Work item
For the data below, give again exactly the lines from the one containing "TISCHLEUCHTE Keramik Textil" through the one containing "Meena Bazaar Burgundy", both ends included, and no others.

(Extracted data Opens)

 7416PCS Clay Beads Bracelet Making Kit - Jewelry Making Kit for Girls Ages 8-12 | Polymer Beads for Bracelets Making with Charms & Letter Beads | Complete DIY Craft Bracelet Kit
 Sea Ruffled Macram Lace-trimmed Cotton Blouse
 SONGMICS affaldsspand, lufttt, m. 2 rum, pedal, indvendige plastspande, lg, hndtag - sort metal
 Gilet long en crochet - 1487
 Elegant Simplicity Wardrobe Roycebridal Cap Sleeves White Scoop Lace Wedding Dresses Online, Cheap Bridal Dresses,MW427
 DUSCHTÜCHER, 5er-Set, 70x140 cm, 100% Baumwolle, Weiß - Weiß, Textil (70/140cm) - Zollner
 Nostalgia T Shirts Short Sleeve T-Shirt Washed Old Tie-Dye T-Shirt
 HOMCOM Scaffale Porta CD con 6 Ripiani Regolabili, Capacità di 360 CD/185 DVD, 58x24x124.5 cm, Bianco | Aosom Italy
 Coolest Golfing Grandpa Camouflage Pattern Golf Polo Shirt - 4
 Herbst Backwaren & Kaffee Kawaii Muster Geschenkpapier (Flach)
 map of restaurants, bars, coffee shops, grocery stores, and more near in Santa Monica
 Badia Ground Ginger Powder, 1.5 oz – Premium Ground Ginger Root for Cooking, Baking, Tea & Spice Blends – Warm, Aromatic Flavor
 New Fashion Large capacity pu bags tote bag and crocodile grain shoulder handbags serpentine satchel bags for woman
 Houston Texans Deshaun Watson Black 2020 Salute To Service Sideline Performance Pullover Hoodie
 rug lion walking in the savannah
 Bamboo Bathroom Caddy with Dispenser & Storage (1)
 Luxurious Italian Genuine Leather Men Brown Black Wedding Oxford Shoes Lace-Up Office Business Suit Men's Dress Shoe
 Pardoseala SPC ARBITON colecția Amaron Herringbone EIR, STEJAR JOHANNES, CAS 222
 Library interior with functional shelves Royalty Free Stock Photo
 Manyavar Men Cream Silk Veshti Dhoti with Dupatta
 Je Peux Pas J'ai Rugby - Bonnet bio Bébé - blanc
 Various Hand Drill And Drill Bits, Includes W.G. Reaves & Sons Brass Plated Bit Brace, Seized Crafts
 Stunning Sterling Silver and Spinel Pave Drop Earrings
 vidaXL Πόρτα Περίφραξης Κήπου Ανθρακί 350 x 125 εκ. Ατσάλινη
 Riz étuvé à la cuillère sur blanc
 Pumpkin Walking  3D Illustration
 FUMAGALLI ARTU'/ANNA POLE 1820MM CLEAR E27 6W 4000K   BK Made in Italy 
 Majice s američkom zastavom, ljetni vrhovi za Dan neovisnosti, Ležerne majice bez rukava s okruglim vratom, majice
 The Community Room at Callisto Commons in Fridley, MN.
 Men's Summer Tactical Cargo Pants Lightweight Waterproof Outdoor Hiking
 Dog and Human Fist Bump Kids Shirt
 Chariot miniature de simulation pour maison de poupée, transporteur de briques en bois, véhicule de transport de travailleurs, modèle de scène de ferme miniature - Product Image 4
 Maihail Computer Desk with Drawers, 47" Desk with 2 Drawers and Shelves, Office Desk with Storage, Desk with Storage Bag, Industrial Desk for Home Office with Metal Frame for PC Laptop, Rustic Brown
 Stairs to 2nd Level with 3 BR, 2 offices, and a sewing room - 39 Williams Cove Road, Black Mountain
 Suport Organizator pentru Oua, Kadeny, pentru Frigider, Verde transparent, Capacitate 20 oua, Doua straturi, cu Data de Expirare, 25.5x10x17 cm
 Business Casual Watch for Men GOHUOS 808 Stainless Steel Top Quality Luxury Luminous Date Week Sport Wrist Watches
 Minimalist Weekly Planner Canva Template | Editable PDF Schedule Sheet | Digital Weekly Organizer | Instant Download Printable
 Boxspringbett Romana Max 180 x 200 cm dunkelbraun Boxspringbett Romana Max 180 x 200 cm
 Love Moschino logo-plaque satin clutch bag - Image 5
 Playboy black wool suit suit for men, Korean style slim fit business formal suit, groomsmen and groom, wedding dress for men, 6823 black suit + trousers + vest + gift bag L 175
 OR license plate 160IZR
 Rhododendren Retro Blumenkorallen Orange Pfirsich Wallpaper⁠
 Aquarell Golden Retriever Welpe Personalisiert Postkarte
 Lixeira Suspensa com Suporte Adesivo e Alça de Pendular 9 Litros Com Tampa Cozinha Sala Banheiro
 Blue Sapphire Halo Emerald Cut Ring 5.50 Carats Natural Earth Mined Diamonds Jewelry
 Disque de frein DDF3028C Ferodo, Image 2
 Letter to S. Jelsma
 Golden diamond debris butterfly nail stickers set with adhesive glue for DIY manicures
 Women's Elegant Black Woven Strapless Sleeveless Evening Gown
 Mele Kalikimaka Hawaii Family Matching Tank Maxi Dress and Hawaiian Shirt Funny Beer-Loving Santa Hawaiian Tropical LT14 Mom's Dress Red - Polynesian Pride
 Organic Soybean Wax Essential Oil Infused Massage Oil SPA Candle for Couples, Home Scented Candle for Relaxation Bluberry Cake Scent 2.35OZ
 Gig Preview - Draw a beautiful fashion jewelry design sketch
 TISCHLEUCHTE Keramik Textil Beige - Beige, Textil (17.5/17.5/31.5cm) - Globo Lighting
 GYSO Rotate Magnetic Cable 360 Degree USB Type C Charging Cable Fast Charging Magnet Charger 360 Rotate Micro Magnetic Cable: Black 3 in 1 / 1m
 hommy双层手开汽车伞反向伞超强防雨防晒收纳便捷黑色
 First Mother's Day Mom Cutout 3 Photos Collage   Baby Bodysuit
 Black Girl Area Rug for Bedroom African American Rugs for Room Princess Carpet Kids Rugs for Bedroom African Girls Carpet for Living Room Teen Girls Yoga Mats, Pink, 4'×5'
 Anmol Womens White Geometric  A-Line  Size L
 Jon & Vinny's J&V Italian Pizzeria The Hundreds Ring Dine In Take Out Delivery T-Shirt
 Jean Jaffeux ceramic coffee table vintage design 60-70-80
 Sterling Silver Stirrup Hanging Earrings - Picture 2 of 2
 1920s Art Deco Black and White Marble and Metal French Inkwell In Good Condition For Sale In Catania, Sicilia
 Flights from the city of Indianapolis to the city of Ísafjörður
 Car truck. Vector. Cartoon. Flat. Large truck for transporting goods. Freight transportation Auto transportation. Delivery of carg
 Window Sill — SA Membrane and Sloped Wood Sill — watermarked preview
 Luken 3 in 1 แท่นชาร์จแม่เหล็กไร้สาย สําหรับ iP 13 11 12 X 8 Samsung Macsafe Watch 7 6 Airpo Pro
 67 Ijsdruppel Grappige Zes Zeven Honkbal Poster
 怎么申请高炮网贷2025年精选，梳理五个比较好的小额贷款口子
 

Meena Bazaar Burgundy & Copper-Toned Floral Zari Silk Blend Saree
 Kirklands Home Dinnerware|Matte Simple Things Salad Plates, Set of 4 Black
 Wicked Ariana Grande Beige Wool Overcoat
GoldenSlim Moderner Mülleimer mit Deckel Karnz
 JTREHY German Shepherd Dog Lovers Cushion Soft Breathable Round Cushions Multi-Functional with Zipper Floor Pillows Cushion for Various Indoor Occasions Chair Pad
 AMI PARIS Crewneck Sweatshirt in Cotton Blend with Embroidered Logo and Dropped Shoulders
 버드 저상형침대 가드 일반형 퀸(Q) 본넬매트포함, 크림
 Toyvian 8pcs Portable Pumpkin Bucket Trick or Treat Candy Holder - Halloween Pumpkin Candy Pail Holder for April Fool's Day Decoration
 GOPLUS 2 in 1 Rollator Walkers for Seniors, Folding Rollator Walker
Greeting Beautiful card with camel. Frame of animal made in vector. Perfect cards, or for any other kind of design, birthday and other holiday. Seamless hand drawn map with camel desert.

(Extracted data Closes)

Answer for the task
 TISCHLEUCHTE Keramik Textil Beige - Beige, Textil (17.5/17.5/31.5cm) - Globo Lighting
 GYSO Rotate Magnetic Cable 360 Degree USB Type C Charging Cable Fast Charging Magnet Charger 360 Rotate Micro Magnetic Cable: Black 3 in 1 / 1m
 hommy双层手开汽车伞反向伞超强防雨防晒收纳便捷黑色
 First Mother's Day Mom Cutout 3 Photos Collage   Baby Bodysuit
 Black Girl Area Rug for Bedroom African American Rugs for Room Princess Carpet Kids Rugs for Bedroom African Girls Carpet for Living Room Teen Girls Yoga Mats, Pink, 4'×5'
 Anmol Womens White Geometric  A-Line  Size L
 Jon & Vinny's J&V Italian Pizzeria The Hundreds Ring Dine In Take Out Delivery T-Shirt
 Jean Jaffeux ceramic coffee table vintage design 60-70-80
 Sterling Silver Stirrup Hanging Earrings - Picture 2 of 2
 1920s Art Deco Black and White Marble and Metal French Inkwell In Good Condition For Sale In Catania, Sicilia
 Flights from the city of Indianapolis to the city of Ísafjörður
 Car truck. Vector. Cartoon. Flat. Large truck for transporting goods. Freight transportation Auto transportation. Delivery of carg
 Window Sill — SA Membrane and Sloped Wood Sill — watermarked preview
 Luken 3 in 1 แท่นชาร์จแม่เหล็กไร้สาย สําหรับ iP 13 11 12 X 8 Samsung Macsafe Watch 7 6 Airpo Pro
 67 Ijsdruppel Grappige Zes Zeven Honkbal Poster
 怎么申请高炮网贷2025年精选，梳理五个比较好的小额贷款口子
 

Meena Bazaar Burgundy & Copper-Toned Floral Zari Silk Blend Saree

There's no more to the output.